Problem details:
Within the listing below, filter for "Silver" and copy every matching line.

Dataset entries:
BEGIN
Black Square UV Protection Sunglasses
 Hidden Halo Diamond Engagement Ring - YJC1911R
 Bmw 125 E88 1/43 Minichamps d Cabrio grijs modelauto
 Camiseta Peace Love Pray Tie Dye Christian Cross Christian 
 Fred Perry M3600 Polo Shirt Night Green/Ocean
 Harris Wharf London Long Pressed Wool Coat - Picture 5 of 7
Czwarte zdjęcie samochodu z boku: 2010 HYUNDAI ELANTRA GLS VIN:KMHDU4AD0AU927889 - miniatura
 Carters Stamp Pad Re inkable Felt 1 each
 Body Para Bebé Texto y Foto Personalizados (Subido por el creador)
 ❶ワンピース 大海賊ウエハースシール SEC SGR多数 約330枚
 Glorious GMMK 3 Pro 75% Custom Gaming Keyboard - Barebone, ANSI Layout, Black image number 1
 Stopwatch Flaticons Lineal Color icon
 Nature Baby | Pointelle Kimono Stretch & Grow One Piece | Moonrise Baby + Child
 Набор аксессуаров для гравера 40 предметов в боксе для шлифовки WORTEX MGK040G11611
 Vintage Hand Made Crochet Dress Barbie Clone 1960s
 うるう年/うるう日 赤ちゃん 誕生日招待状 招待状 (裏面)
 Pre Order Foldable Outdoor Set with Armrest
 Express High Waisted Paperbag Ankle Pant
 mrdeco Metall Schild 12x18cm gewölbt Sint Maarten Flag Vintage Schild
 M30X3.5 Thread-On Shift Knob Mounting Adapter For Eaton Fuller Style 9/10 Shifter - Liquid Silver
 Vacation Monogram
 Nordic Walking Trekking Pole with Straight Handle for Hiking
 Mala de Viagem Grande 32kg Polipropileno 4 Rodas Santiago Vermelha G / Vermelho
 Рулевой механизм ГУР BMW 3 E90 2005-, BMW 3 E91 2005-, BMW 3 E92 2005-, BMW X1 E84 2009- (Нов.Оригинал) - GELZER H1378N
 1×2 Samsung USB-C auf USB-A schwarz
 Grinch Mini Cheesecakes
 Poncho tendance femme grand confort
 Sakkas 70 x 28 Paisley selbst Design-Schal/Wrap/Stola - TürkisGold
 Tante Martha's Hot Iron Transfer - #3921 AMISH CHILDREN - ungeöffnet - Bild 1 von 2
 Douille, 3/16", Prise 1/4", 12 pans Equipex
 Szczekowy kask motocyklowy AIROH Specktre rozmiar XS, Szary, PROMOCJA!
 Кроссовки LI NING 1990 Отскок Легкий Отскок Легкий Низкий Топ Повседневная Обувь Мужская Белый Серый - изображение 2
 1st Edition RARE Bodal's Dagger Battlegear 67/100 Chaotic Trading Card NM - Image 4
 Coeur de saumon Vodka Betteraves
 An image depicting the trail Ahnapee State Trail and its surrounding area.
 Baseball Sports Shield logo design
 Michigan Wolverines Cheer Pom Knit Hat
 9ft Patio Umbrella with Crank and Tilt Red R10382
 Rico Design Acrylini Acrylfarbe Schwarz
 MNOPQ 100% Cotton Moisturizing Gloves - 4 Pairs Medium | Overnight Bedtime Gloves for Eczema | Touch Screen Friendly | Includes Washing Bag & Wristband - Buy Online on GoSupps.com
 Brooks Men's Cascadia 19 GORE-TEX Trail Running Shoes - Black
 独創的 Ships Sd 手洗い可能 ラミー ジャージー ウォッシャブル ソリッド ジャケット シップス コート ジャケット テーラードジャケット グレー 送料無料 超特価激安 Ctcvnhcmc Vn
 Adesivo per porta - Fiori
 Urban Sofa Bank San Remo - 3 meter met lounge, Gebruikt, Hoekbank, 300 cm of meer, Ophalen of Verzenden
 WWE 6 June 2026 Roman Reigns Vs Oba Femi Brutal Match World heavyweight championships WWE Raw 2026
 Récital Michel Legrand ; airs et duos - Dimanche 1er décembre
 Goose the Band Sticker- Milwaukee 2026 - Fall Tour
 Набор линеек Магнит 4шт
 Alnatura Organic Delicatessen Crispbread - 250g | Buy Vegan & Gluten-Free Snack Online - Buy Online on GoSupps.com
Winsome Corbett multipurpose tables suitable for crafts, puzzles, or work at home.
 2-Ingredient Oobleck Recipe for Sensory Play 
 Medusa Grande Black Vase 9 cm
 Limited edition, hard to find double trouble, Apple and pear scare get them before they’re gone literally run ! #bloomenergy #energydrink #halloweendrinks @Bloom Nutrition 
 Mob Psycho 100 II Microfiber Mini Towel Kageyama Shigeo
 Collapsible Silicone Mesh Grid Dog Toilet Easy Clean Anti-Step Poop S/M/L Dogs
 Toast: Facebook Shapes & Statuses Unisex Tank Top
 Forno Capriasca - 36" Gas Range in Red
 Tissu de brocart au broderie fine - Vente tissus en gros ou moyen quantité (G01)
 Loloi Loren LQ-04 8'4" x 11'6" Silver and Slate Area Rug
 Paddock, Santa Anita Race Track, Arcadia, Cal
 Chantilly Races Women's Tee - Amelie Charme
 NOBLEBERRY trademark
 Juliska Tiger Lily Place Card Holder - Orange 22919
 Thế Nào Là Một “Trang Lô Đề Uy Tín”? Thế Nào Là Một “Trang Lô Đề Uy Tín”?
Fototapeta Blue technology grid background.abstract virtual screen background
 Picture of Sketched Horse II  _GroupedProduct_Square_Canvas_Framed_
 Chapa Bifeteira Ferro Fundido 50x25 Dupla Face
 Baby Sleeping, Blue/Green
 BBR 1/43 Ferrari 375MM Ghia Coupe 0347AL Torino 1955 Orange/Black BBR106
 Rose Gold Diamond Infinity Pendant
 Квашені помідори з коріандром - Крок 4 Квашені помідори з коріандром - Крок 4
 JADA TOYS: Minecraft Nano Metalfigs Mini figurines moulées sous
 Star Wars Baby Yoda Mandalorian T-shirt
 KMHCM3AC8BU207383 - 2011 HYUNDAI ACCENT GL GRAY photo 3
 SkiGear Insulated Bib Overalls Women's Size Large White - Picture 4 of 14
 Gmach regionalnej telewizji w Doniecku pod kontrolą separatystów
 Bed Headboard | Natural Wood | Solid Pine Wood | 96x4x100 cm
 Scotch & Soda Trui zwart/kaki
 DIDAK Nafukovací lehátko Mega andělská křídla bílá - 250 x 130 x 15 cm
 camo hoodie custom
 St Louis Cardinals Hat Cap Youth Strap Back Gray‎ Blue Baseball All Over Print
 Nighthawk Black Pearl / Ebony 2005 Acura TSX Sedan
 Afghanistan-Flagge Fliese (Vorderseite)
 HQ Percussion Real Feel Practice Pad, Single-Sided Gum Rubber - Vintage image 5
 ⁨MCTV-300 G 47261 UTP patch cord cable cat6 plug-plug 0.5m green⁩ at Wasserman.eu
END
Written solution:
 M30X3.5 Thread-On Shift Knob Mounting Adapter For Eaton Fuller Style 9/10 Shifter - Liquid Silver
 Loloi Loren LQ-04 8'4" x 11'6" Silver and Slate Area Rug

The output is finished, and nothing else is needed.